Re: Fixed length data types issue - Mailing list pgsql-hackers

From Martijn van Oosterhout
Subject Re: Fixed length data types issue
Date
Msg-id 20060908140011.GG5479@svana.org
Whole thread Raw
In response to Re: Fixed length data types issue  (mark@mark.mielke.cc)
Responses Re: Fixed length data types issue  (Gregory Stark <stark@enterprisedb.com>)
Re: Fixed length data types issue  (Bruce Momjian <bruce@momjian.us>)
List pgsql-hackers
On Fri, Sep 08, 2006 at 09:28:21AM -0400, mark@mark.mielke.cc wrote:
> > But that won't help in the example you posted upthread, because char(N)
> > is not fixed-length.
>
> It can be fixed-length, or at least, have an upper bound. If marked
> up to contain only ascii characters, it doesn't, at least in theory,
> and even if it is unicode, it's not going to need more than 4 bytes
> per character. char(2) through char(16) only require 4 bits to
> store the length header, leaving 4 bits for encoding information.
> bytea(2) through bytea(16), at least in theory, should require none.

If your talking about an upper-bound, then it's not fixed length
anymore, and you need to expend bytes storing the length. ASCII bytes
only take one byte in most encodings, include UTF8.

Doodling this morning I remember why the simple approach didn't work.
If you look at the varlena header, 2 bits are reserved. Say you take
one bit to indicate "short header". Then lengths 0-31 bytes can be
represented with a one byte header, yay!

However, now you only have enough bits leftover to store 29 bits for
the length, so we've just cut the maximum datum size from 1GB to 512MB.
Is that a fair trade? Probably not, so you'd need a more sophisticated
scheme.

> For my own uses, I would like for bytea(16) to have no length header.
> The length is constant. UUID or MD5SUM. Store the length at the head
> of the table, or look up the information from the schema.

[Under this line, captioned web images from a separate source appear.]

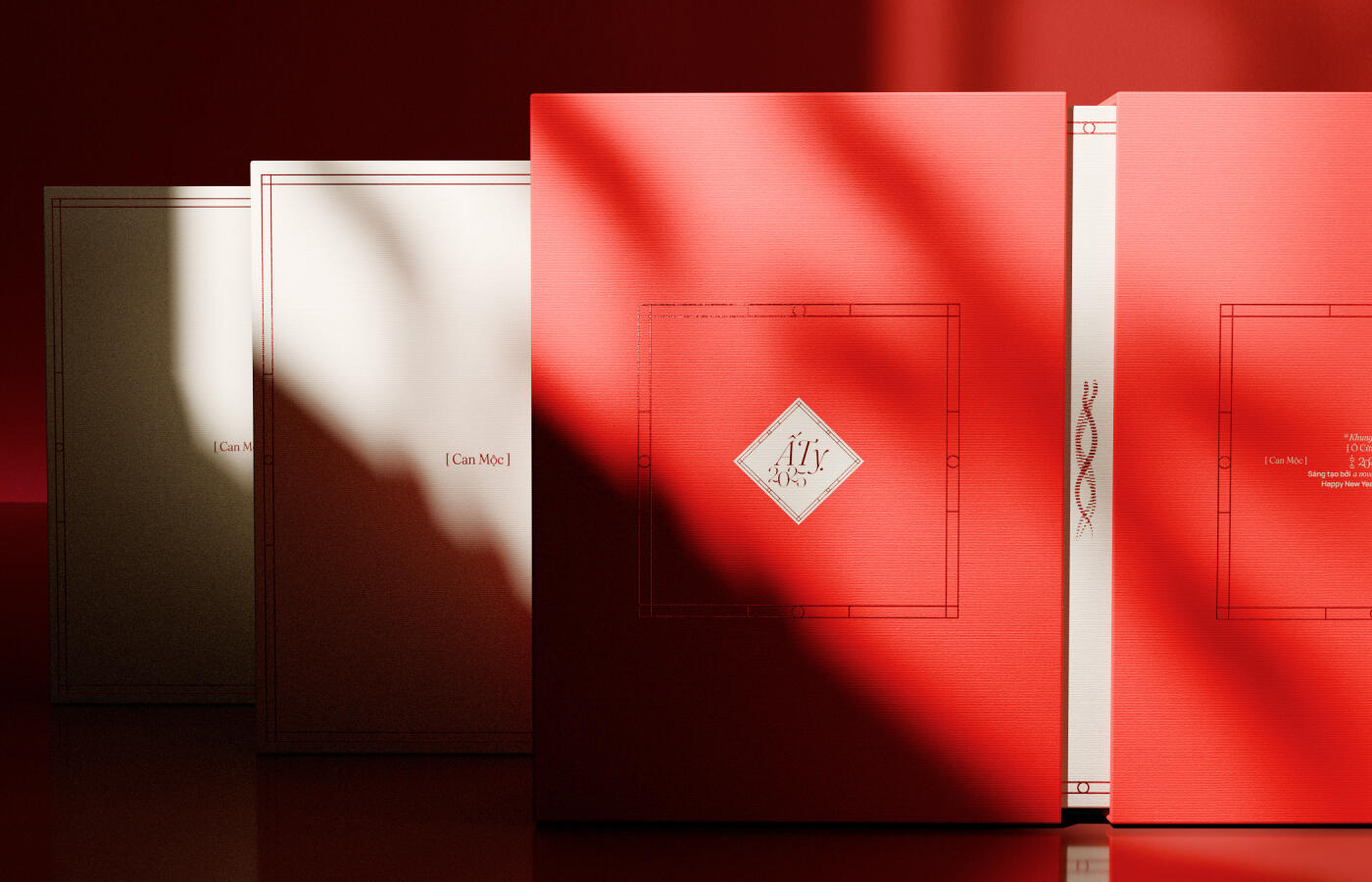 ẤTỵ 2025 • New Year Gift Box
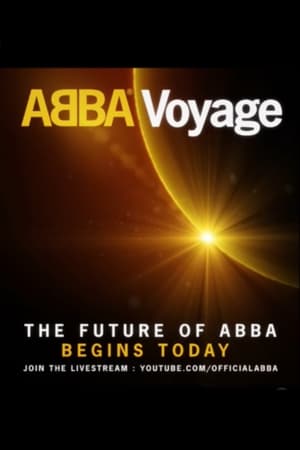 En dvd sur amazon ABBA – Voyage | LIVE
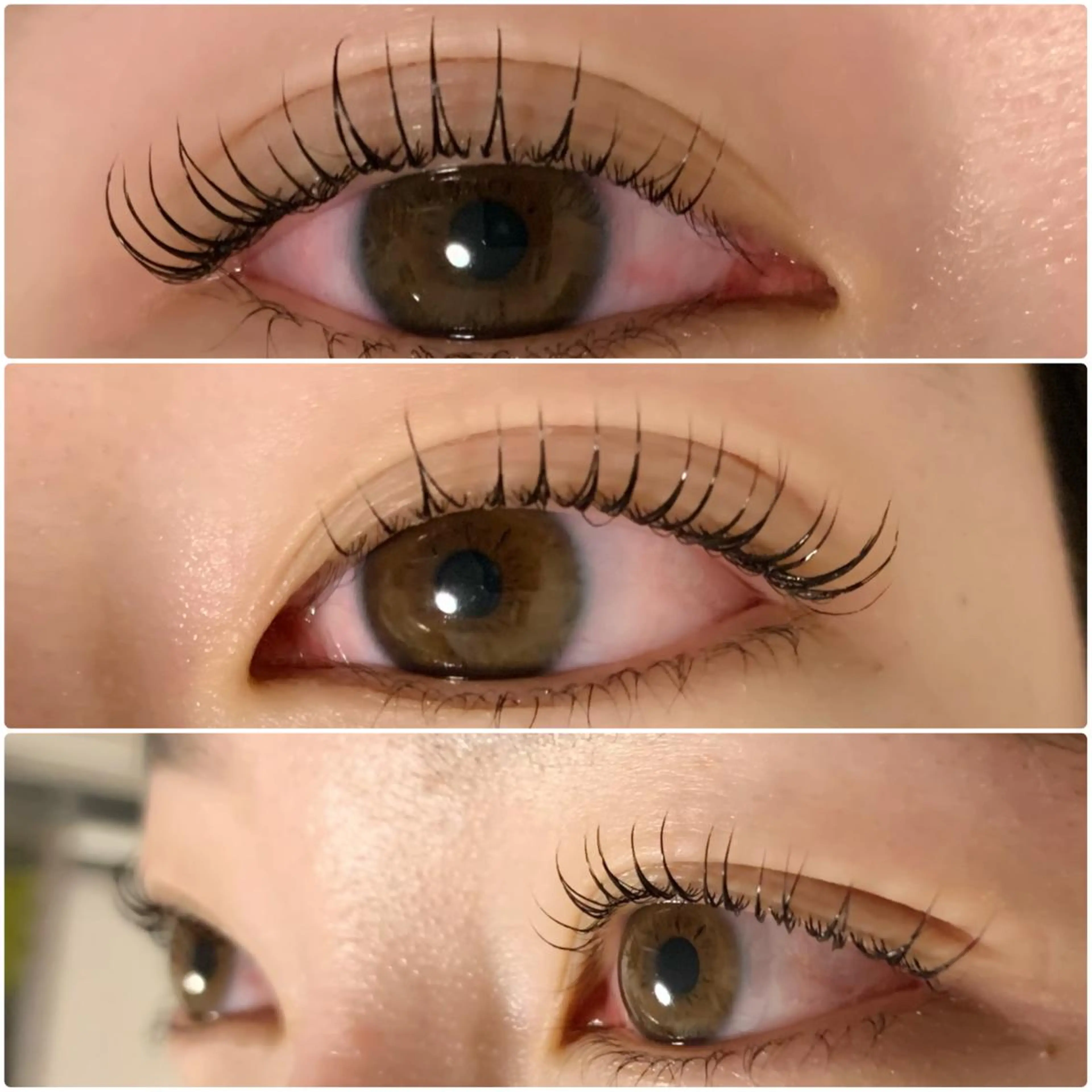 マツエク・マツパ teatree.. REINAのマツエク・マツパデザイン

I'm still missing the argument of why you can't just make a 16-byte
type. Around half the datatypes in postgresql are fixed-length and have
no header. I'm completely confused about why people are hung up about
bytea(16) not being fixed length when it's trivial to create a type
that is.

> I see the complexity argument. Existing code is too heavy to change
> completely. People talking about compromises such as allowing the
> on disk layout to be different from the in memory layout.

The biggest cost of having differing memory and disk layouts is that
you have to "unpack" each disk page as it's read it. This means an
automatic doubling of memory usage for the buffer cache. If you're RAM
limited, that's the last thing you want.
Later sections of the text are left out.